Senior floating rate loans are usually rated below investment
grade but may also be unrated. As a result, the risks associated
with these loans are similar to the risks of high yield
fixed-income instruments. High yield securities are subject to
greater market fluctuations and risk of loss than securities with
higher ratings. High-yield securities are subject to numerous
risks, including higher interest rates, economic recession,
deterioration of the junk bond market, possible downgrades and
defaults of interest and/or principal. High yield securities are
subject to greater market fluctuations and risk of loss than
securities with higher ratings.
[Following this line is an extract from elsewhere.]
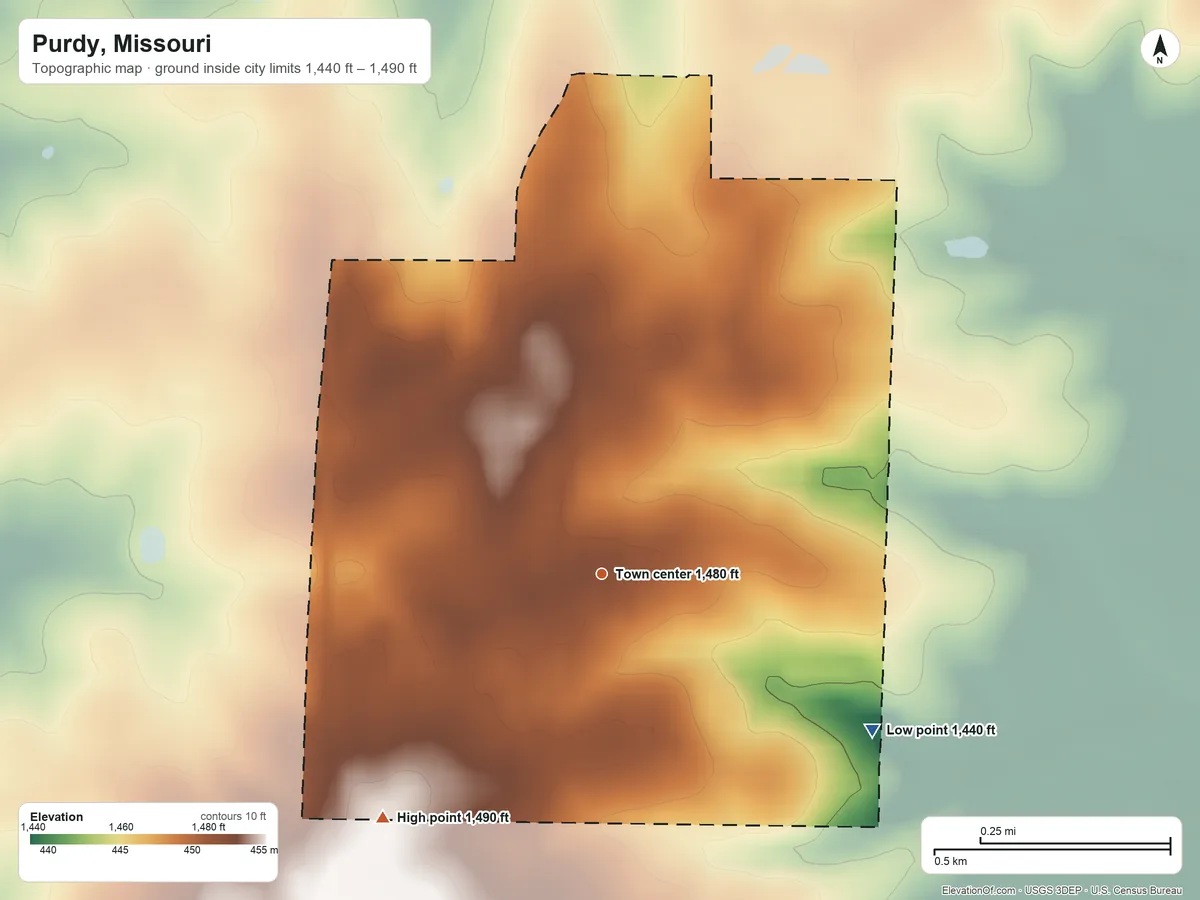 Topographic elevation map of Purdy, Missouri, shaded from 1,440 ft on the southeast side to 1,490 ft on the southwest side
These securities are issued by
companies that may have limited operating history, narrowly focused
operations, and/or other impediments to the timely payment of
periodic interest and principal at maturity.Lower-quality debt
tends to be less liquid than higher-quality debt.
The fund invests in securities of non-U.S. issuers. Such
securities are subject to higher volatility than securities of
domestic issuers. Because the fund’s NAV is determined on the basis
of U.S. dollars and the fund invests in foreign securities, you may
lose money if the local currency of a foreign market depreciates
against the U.S. dollar.
The fund currently intends to effect a significant portion of
creations and redemptions for cash, rather than in-kind securities.
As a result, the fund may be less tax-efficient than if it were to
sell and redeem its shares principally in-kind.
The fund is subject to management risk because it is an actively
managed portfolio. In managing the fund’s investment portfolio, the
advisor will apply investment techniques and risk analyses that may
not have the desired result. There can be no guarantee that the
fund will meet its investment objectives.
The fund is classified as “non-diversified.” A non-diversified
fund generally may invest a larger percentage of its assets in the
securities of a smaller number of issuers. As a result, the fund
may be more susceptible to the risks associated with these
particular issuers, or to a single economic, political or
regulatory occurrence affecting these issuers.